By making the private auction option look like a login method, phishing websites trick people into giving away their NFTs.
Since nonfungible tokens (NFTs) have become more popular, bad actors who try to take advantage of people in the ecosystem have become more active. At the moment, NFT holders are at risk because phishing websites have been used to hack a part of the NFT marketplace OpenSea.
Efforts to stop theft Harpie told NFT users about a new attack that used the OpenSea platform to make purchases without gas. Harpie says that hackers were able to steal millions of dollars worth of digital assets by using the feature.

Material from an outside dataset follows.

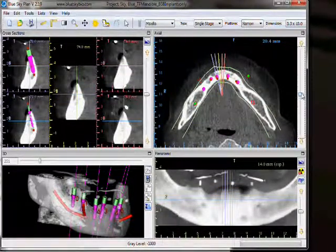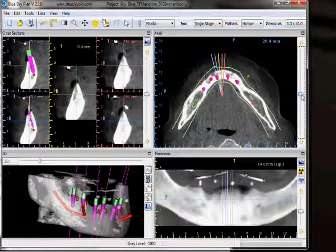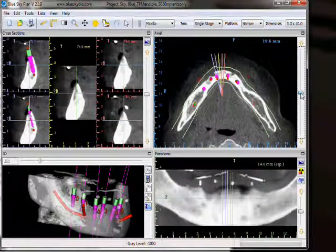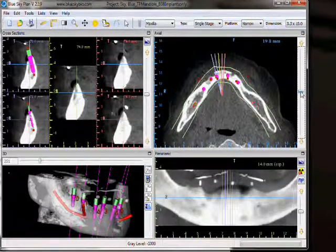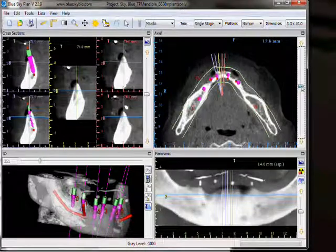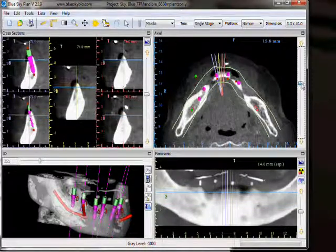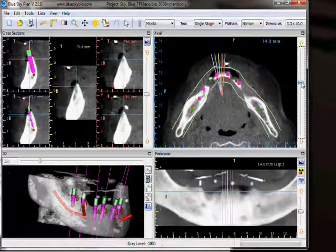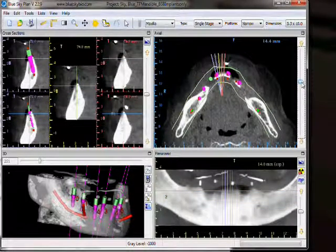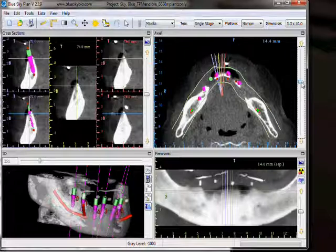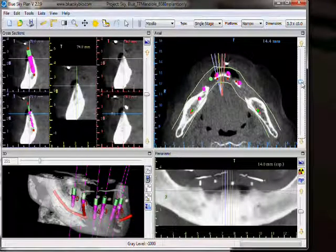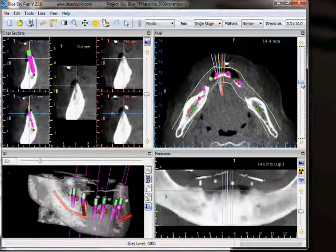Please note that as we flip through these slices, the blue horizontal line in our cross-sections and panoramic view moves accordingly, indicating on a vertical plane the exact location of our horizontal axial slice.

In order to make gasless sales on the OpenSea platform, users must approve a signature request with a message that they can’t understand. Users can also use this feature to make private auctions with signatures that can’t be read.
Because of this, phishing websites have been asking their victims to sign one of these letters that no one can understand. Harpie says that signatures are often shown as a step that must be taken to log in and get to the website.
The login messages, on the other hand, are really signature requests for the victim to sell their NFTs privately to the scammer for 0 ETH ETH tickers down $1,216. If it is signed, the NFTs will be sent to the hacker’s wallet address.
CertiK, a blockchain security company, recently warned the cryptocurrency community about something they call “ice phishing” in addition to this fraud. Con artists use this flaw to get Web3 users to sign permissions that let the attackers use their tokens. CertiK says that the scam is unique to the Web3 industry and is a very serious threat.